|Gill's Exposition of the Entire Bible|
And their king shall go into captivity,.... Not only the common people that are left of the sword shall be carried captive, but their king also. This was, Baalis their last king, who was accessary to the murder of Gedaliah, Jeremiah 40:14; whom the king of Babylon had set over the remnant of the Jews left in Judea; which might provoke him to send Nebuzaradan his general against him, who put his country to fire and sword, destroyed his chief city Rabbah, and carried him and his nobles into captivity. Some understand this of Milchom, or Mo, the god of the children of Ammon, who should be so far from saving them, that he himself should be taken and carried off; it being usual with the conquerors to carry away with them the gods of the nations they conquered; see Jeremiah 48:7. So Ptolemy Euergetes king of Egypt, having conquered Callinicus king of Syria, carried captive into Egypt the gods he then took, Daniel 11:8; and it was usual with the Romans to carry the gods of the nations captive which they conquered, and to carry them in their triumphs as such; so Marcellus was blamed for rendering the city of Rome envied and hated by other nations, because not men only, but the gods also, were carried in pomp as captives: and of Paulus Aemylius it is said, that the first day of his triumph was scarce sufficient for the passing along of the captive statues, pictures, and colosses, which were drawn on two hundred and fifty chariots (k):
Barnes' Notes on the Bible
And their king - The king was commonly, in those nations, the center of their energy. When "he and his princes" were "gone into captivity," there was no one to make head against the conqueror, and renew revolts. Hence, as a first step in the subdual, the reigning head and those who shared his counsels were removed. Ammon then, savage as it was in act, was no ill-organized horde. On the contrary, barren and waste as all that country now is, it must once have been highly cultivated by a settled and laborious people. The abundance of its ruins attests the industry and habits of the population. "The whole of the country," says Burckhardt , "must have been extremely well cultivated, to have afforded subsistence to the inhabitants of so many towns." "The low hills are, for the most part, crowned with ruins." Of the "thirty ruined or deserted places, which including Amman," have been even lately "counted east of Assalt" (the village which probably represents Ramoth-Gilead, "about 16 miles west of Philadelphia that is, Amman) several are in Ammonitis. Little as the country has been explored, ruins of large and important towns have been found south-southeast. and south of Amman .
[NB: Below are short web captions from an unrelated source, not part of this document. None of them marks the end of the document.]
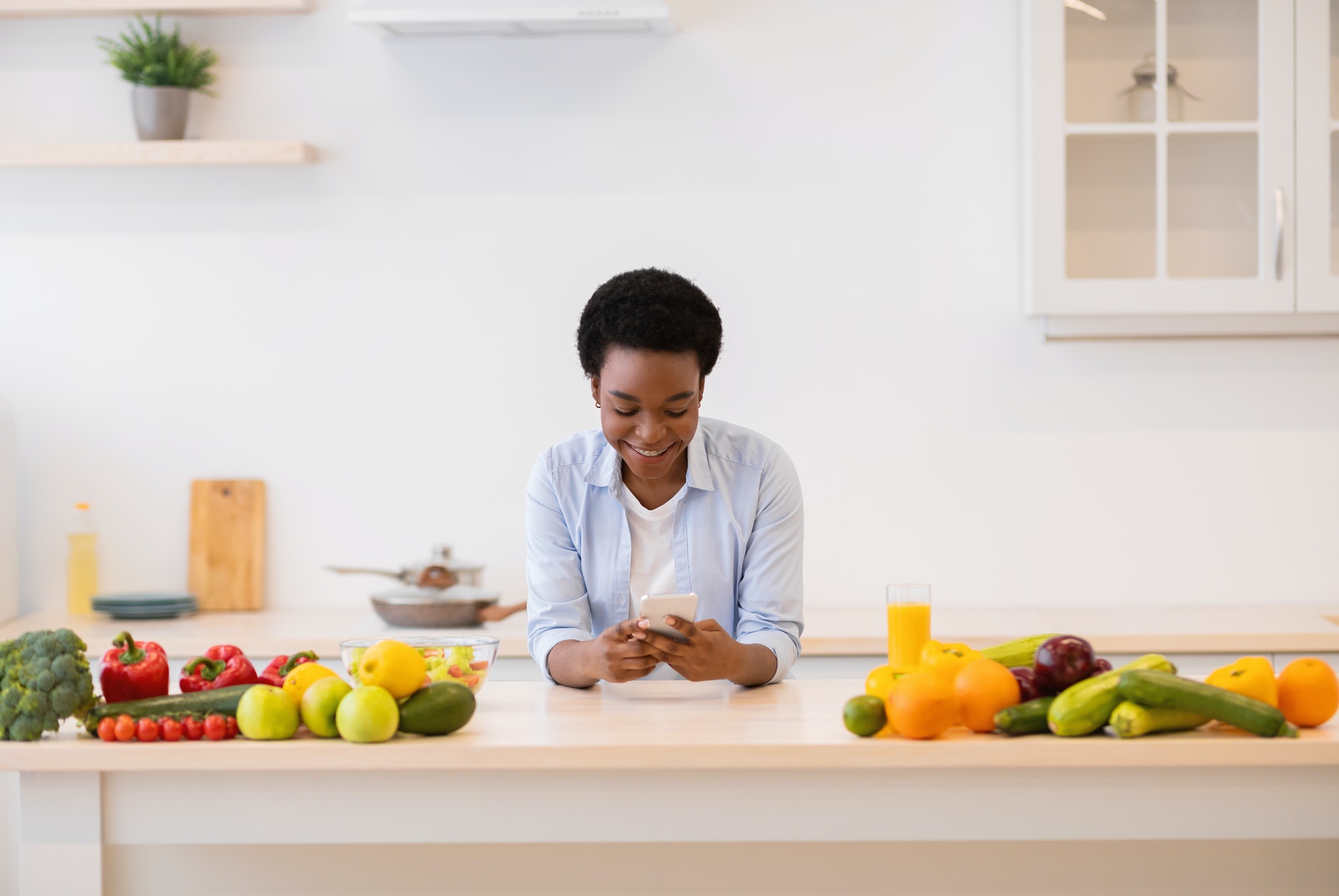 Black Lady Using Cellphone With Weight-Loss App Cooking In Kitchen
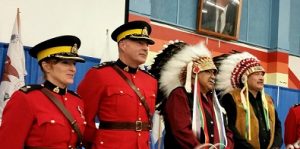 RCMP representatives stand with Grand Chief Ron Michel and Vice Chief Brian Hardlotte. Photo by Chelsea Laskowski
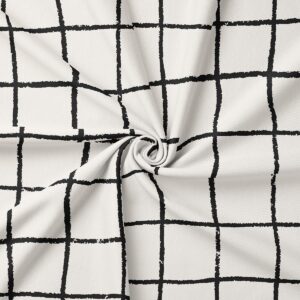 detal tkaniny z widoczną fakturą i nierównymi czarnymi liniami kratki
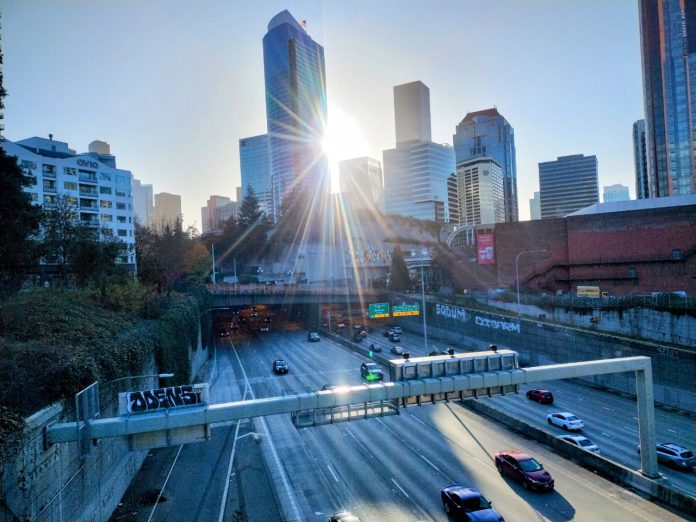 I-5 through Seattle Cars use Interstate 5 through Seattle on a sunny day, with the sun just breaking through the city skyline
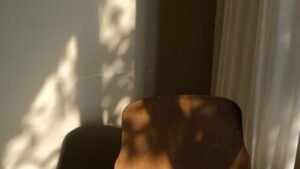 An empty wooden chair beside a curtain in natural light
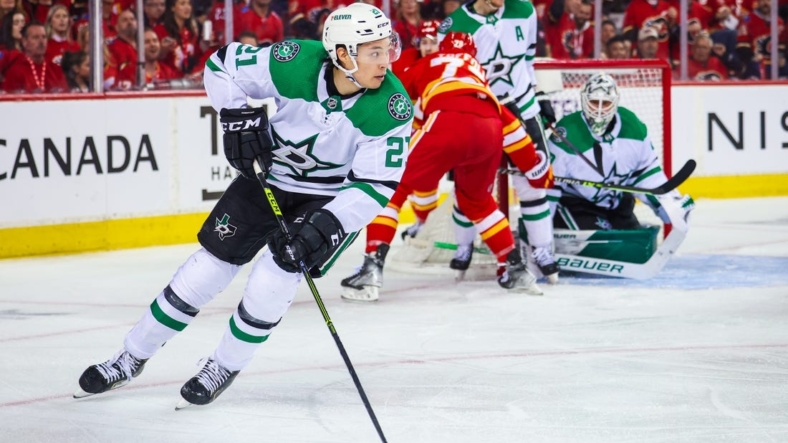 May 11, 2022; Calgary, Alberta, CAN; Dallas Stars left wing Jason Robertson (21) controls the puck against the Calgary Flames during the second period in game five of the first round of the 2022 Stanley Cup Playoffs at Scotiabank Saddledome. Mandatory Credit: Sergei Belski-USA TODAY Sports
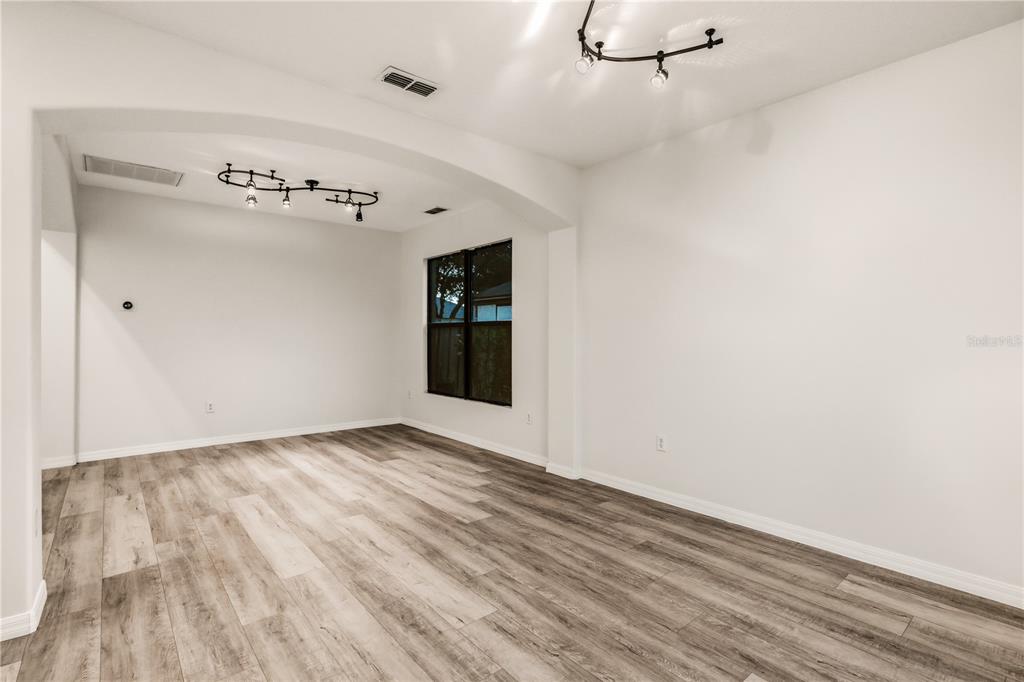 19214 Briercrest Trail Orlando, FL 32833 - Photo 3 of 47 a view of an empty room with wooden floor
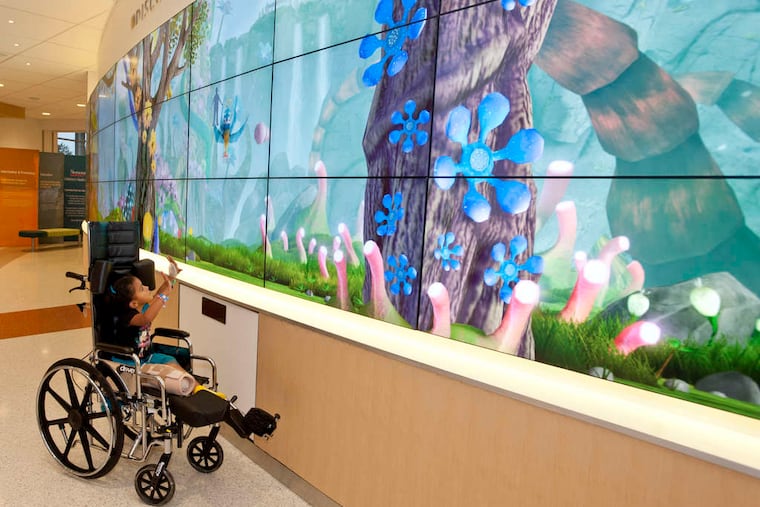 Aaliyah Alley, 4, checks out an interactive display screen at Nemours Children's Hospital in 2019.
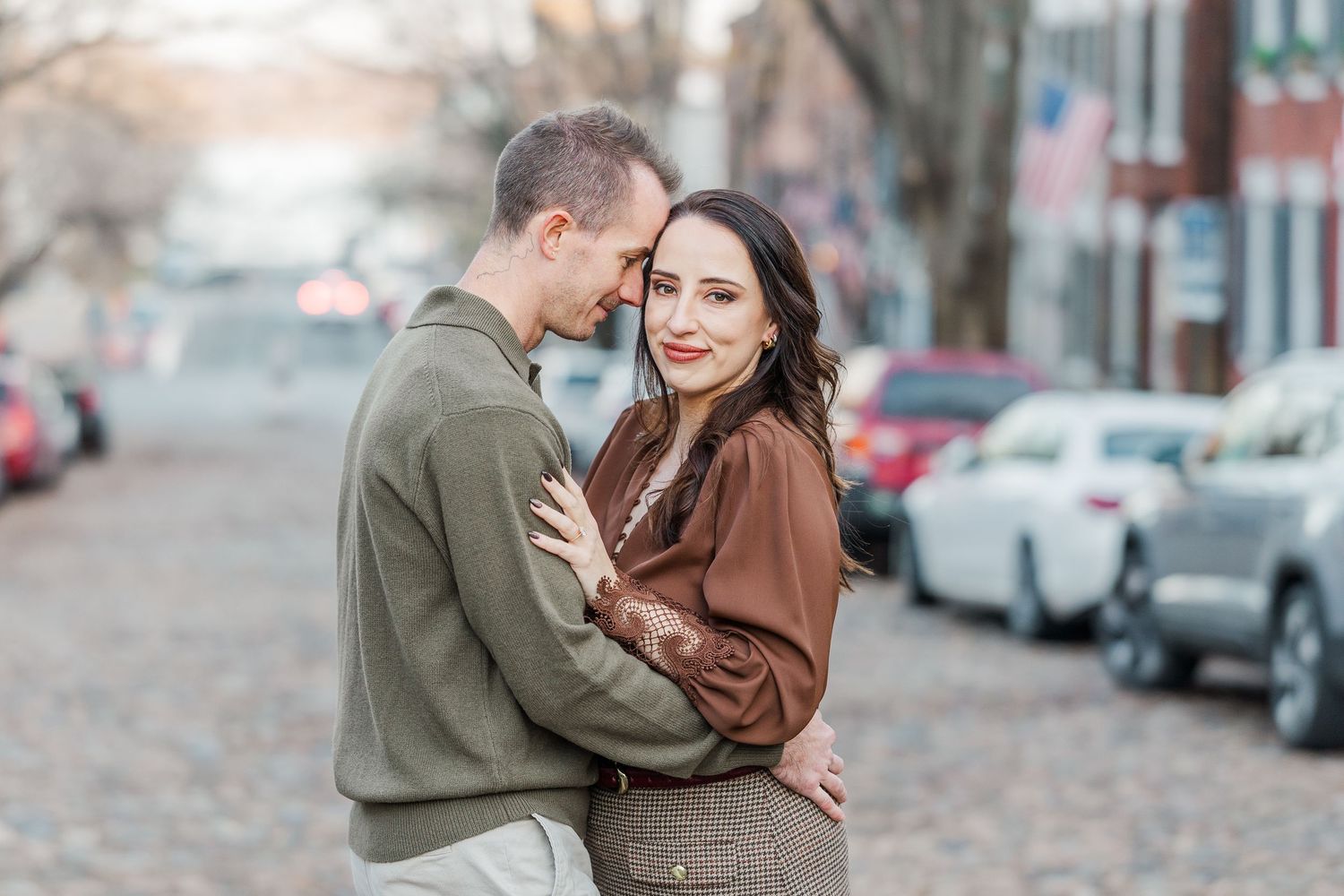 A couple embraces on a city street during autumn with parked cars and fallen leaves in the background.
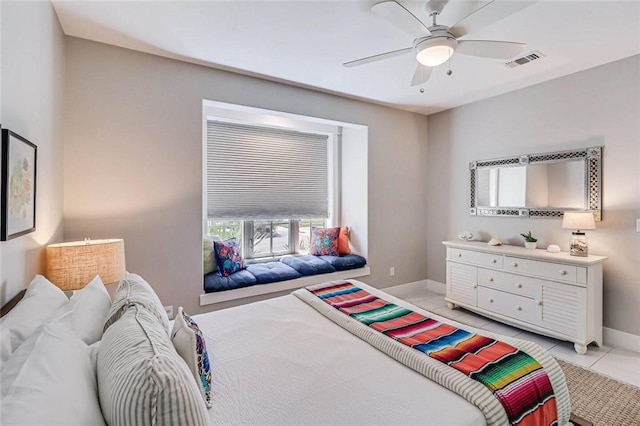 tiled bedroom with ceiling fan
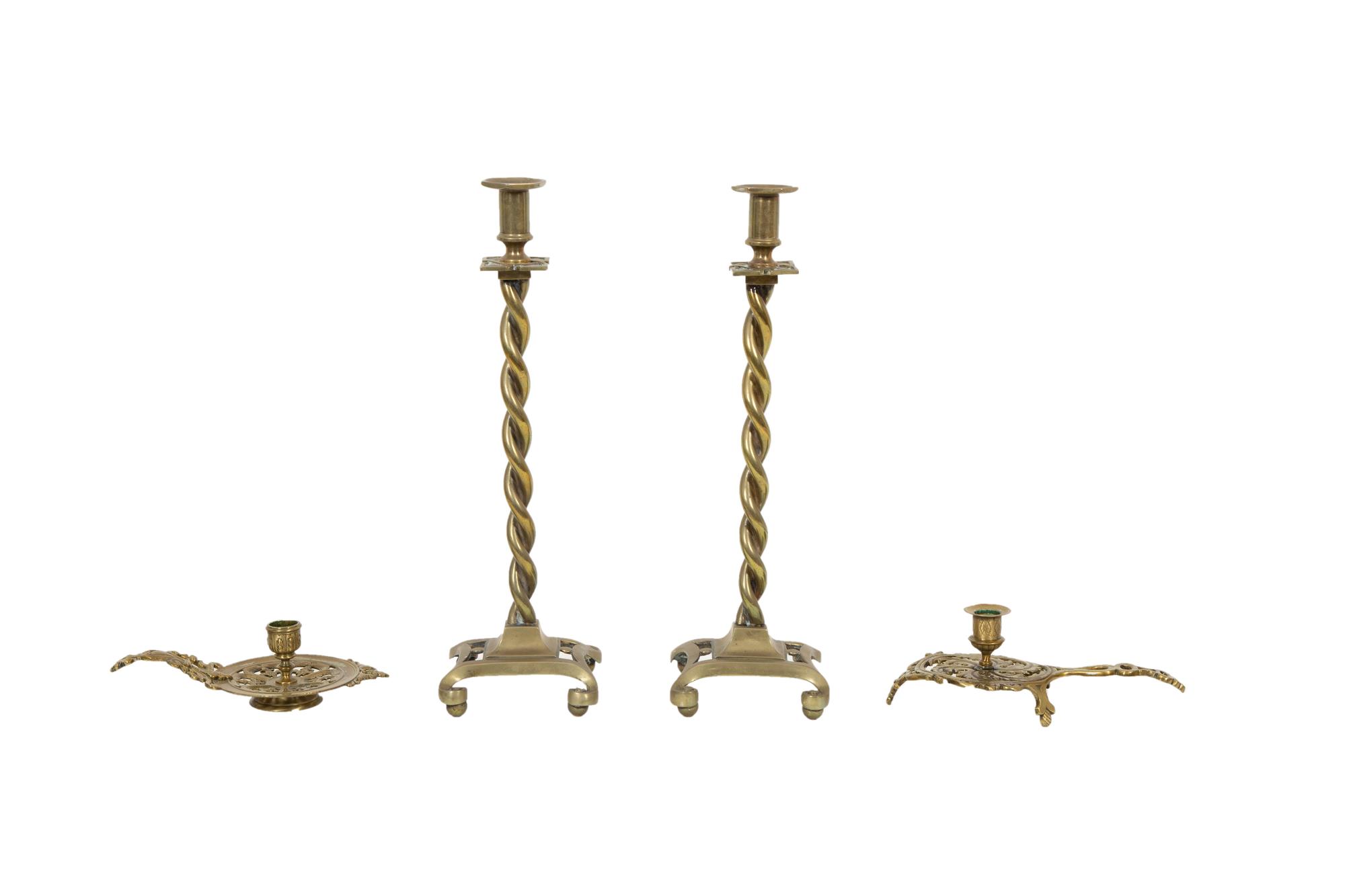 A Pair of Brass Candlesticks and a Pair of Chambersticks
Clarke's Commentary on the Bible
Their king shall go into captivity - Probably מלכם malcham should be Milcom, who was a chief god of the Ammonites; and the following words, he and his princes, may refer to the body of his priesthood. See 1 Kings 11:33 (note). All these countries were subdued by Nebuchadnezzar.
Geneva Study Bible
And their king shall go into captivity, he and his princes together, saith the LORD.
Jamieson-Fausset-Brown Bible Commentary
15. their king … princes-or else, "their Molech (the idol of Ammon) and his priests" [Grotius and Septuagint]. Isa 43:28 so uses "princes" for "priests." So Am 5:26, "your Molech"; and Jer 49:3, Margin. English Version, however, is perhaps preferable both here and in Jer 49:3; see on Jer 49:3.